- [What is being asked]: Lines in which "Toyota" appears should be pulled from the data below.
*** Block opens ***
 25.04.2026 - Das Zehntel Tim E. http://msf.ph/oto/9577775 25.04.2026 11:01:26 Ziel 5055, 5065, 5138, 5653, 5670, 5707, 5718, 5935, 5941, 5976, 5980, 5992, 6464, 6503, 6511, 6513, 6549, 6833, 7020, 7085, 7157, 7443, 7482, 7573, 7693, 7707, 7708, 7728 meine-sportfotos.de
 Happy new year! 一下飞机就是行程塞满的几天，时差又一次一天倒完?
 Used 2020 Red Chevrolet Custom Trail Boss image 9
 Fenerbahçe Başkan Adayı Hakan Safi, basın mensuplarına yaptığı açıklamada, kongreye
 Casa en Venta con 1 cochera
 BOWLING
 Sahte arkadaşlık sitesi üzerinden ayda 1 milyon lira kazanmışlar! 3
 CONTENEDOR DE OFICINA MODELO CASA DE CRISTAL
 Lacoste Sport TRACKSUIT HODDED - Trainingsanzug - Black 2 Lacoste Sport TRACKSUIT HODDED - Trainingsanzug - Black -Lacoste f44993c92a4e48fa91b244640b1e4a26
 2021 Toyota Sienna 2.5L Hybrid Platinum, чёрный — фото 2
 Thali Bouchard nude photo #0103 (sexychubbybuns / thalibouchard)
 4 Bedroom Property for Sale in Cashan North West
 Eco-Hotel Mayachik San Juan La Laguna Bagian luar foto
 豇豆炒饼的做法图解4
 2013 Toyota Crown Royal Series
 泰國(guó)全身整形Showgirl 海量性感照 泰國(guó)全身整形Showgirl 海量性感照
*** Block closes ***
- [Solved problem]:
 2021 Toyota Sienna 2.5L Hybrid Platinum, чёрный — фото 2
 2013 Toyota Crown Royal Series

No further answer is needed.